Но так же весело звучала музыка, лаская слух; посреди залы продолжались оживленные танцы.

— Пожар! — послышалось вновь в праздничной толпе. Все лица исказились от ужаса и отчаяния.

— Пожар! Пожар! — раздалось с разных сторон.

Возле Наполеона стоит граф Вольфсегг. Глаза их встретились. Не старается ли каждый прочесть выражение испуга на лице другого?

Но так же холодны и бесстрастны, как всегда, глаза Наполеона. Он задумчиво смотрит на пламя, как бы для того, чтобы убедиться, что всякая попытка остановить пожар будет безуспешна. Нахмурив брови, он оглянулся на своих приближенных. Некоторые из них из боязни покушения на жизнь императора со стороны немцев или якобинцев обнажили шпаги, но его взгляда было достаточно, чтобы они опять вложили оружие в ножны. Медленнее, чем было нужно, чтобы доказать свою неустрашимость графу Вольфсеггу и Шварценбергу, которые шли около него, император сделал несколько шагов по зале навстречу своей супруге, которая спешила к нему, дрожа от испуга. Он взял ее за руку и громко сказал:

— Успокойтесь! Опасность еще не так велика. Выход свободен…

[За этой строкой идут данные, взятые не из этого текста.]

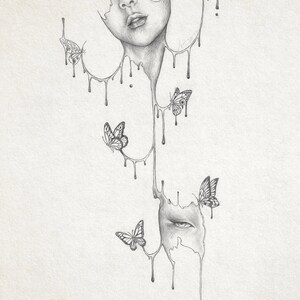 May include: A black and white pencil drawing of a melting face with butterflies flying around it. The face is drawn in a realistic style, with details like the eyes, nose, and mouth. The butterflies are drawn in a more stylized way, with their wings spread out.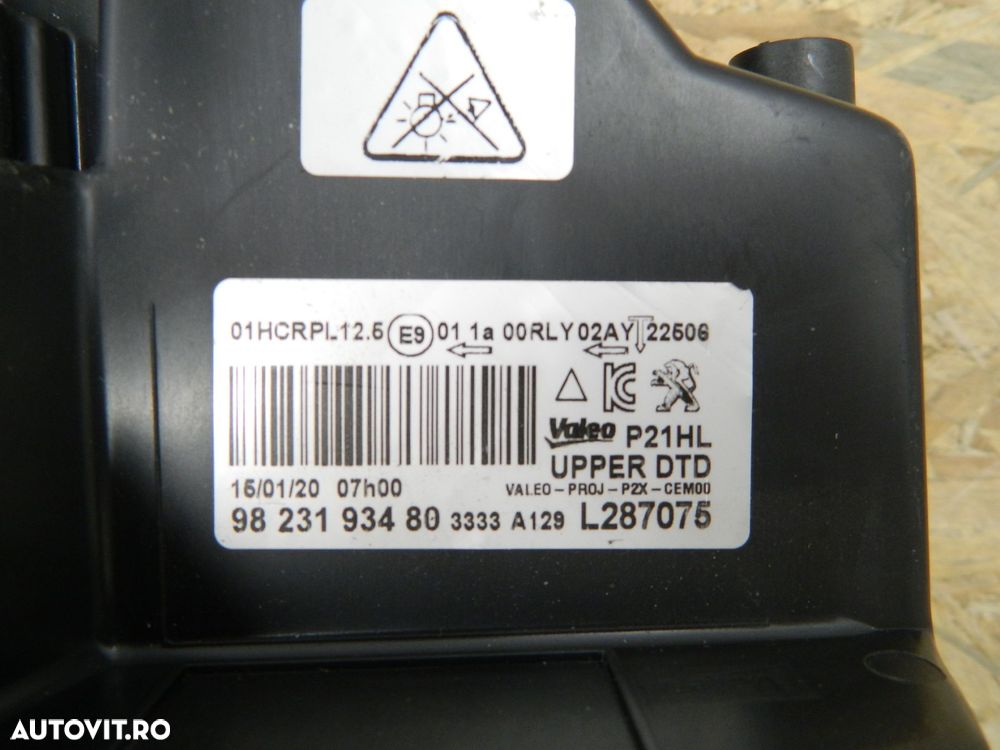 Far dreapta Peugeot 208/Peugeot 2008,  Full Led, 2019, 2020, 2021, 2022, 9823193480. - 3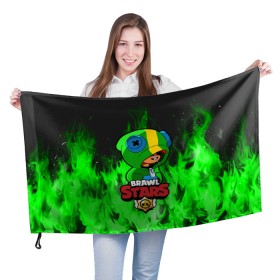 Флаг 3D с принтом Brawl Stars LEON в Ухте, 100% полиэстер | плотность ткани — 95 г/м2, размер — 67 х 109 см. Принт наносится с одной стороны | 8 bit | 8 бит | brawl | brawl stars | crow | leon | stars | бравл | бравл старс | браво старс | игра | компьютерная | кров | леон | онлайн | старс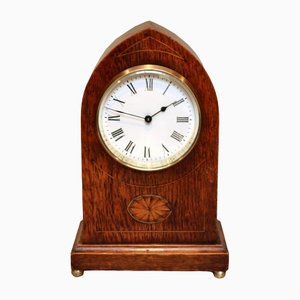 Oak and Inlay Lancet Top Mantel Clock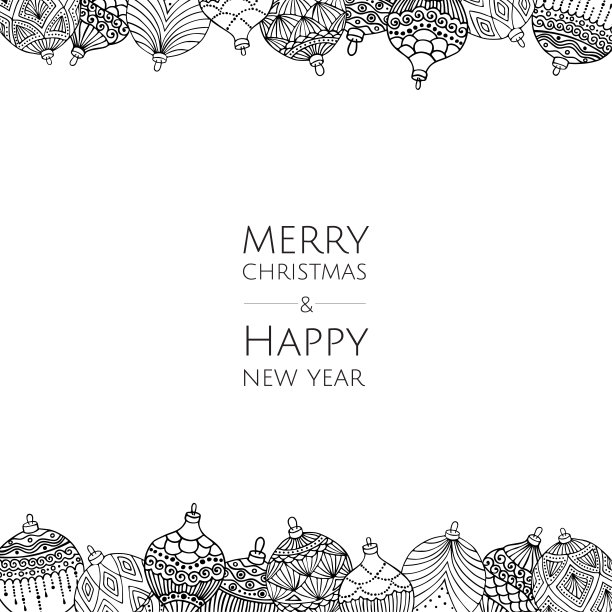 圣诞快乐，恭贺新禧。圣诞背景与球。图片下载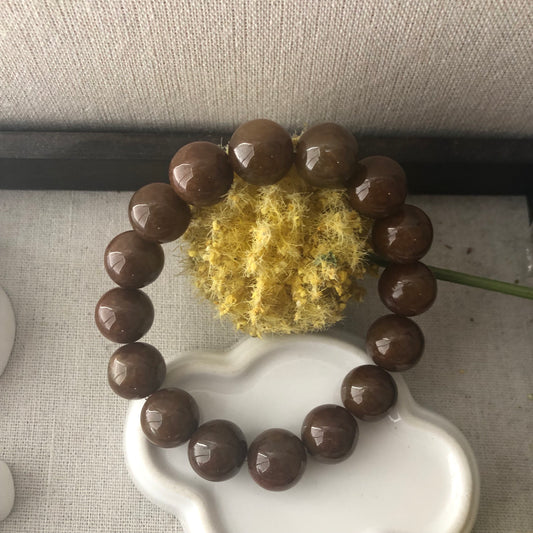 13.5 mm Glossy Yellow Brown Jadiete Jade Bead Bracelet
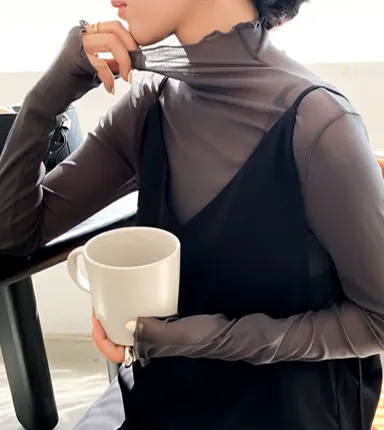 ［Dark Angel］シアーハイネックトップス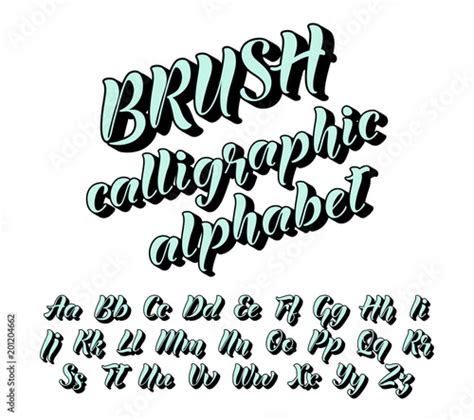 Calligraphic Brush Alphabet Letters With Shadow For Poster Headline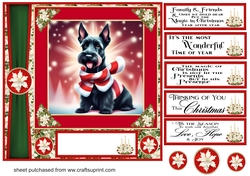 Holly and berries Christmas Scottish terrier card front 2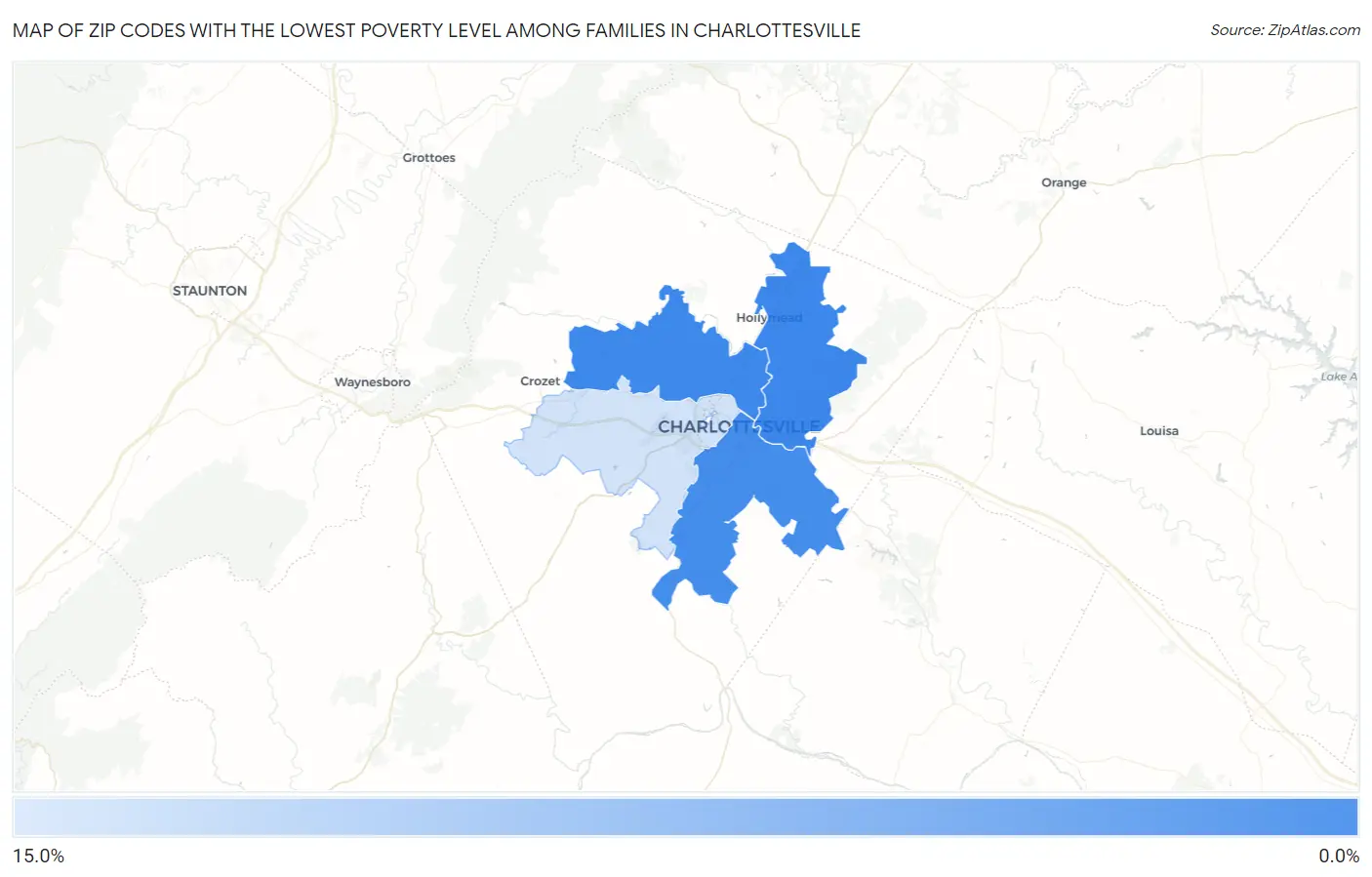 Zip Codes with the Lowest Poverty Level Among Families in Charlottesville Map
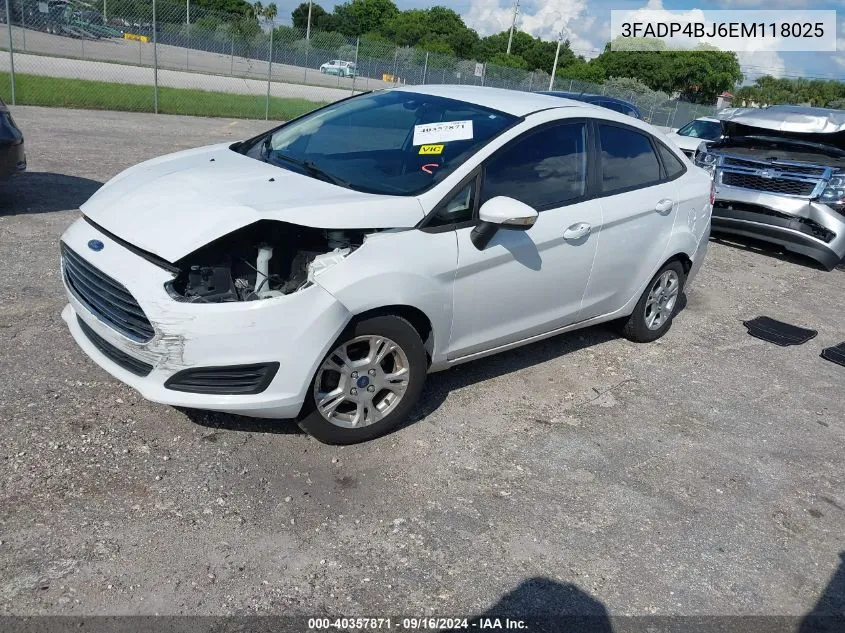 2014 Ford Fiesta Se VIN: 3FADP4BJ6EM118025 Lot: 40357871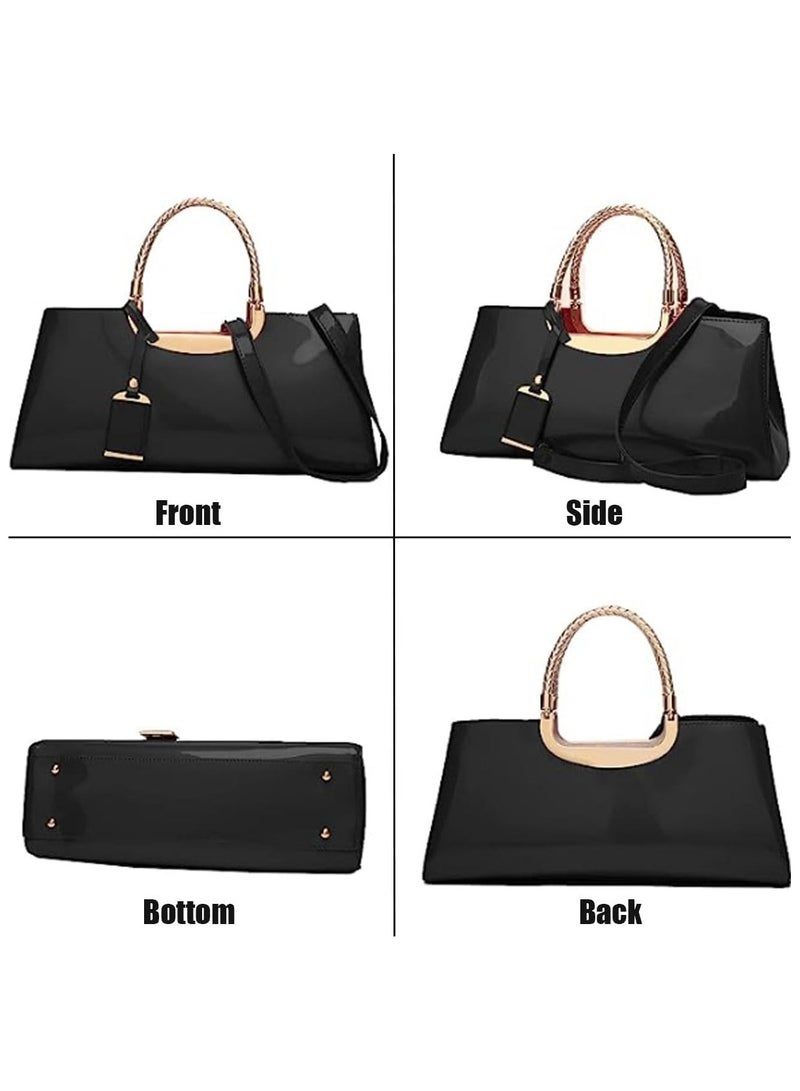 AROAQ Top-handle Handbags Purse Tote for Women Patent PU Satchel Gloss Wedding Shoulder Crossbody Bag - Image 2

Князь Шварценберг повел императорскую чету через сад.

— Я велел подъехать карете вашего величества к воротам сада, — сказал он.

— Зачем? — спросил император. — Не думаете ли вы, что меня ожидает какая-нибудь опасность от толпы у главного подъезда? Неужели и вы, князь, верите в существование каких-то заговорщиков! Все это бабьи сказки. Я уеду с того места, где ожидают меня мои подданные. Кто здесь из полицейских?

Дероне тотчас же явился, черный от копоти и дыма.

— Полицейский комиссар Дероне, — поспешил он доложить о себе.

— Очень рад, что вы здесь. Я слышал о вас. Есть ли какая-нибудь возможность отстоять танцевальную залу?

— Нет, ваше величество.

— И вы думаете?..

— Некоторые поплатятся жизнью за свое участие в празднике.

— А там, на улице?

— С этой стороны все спокойно. Парижане заняты теперь пожаром и забудут об адской машине, если бы она была приготовлена у них.

Слуга доложил, что кареты поданы на улице Montblanc у главного подъезда.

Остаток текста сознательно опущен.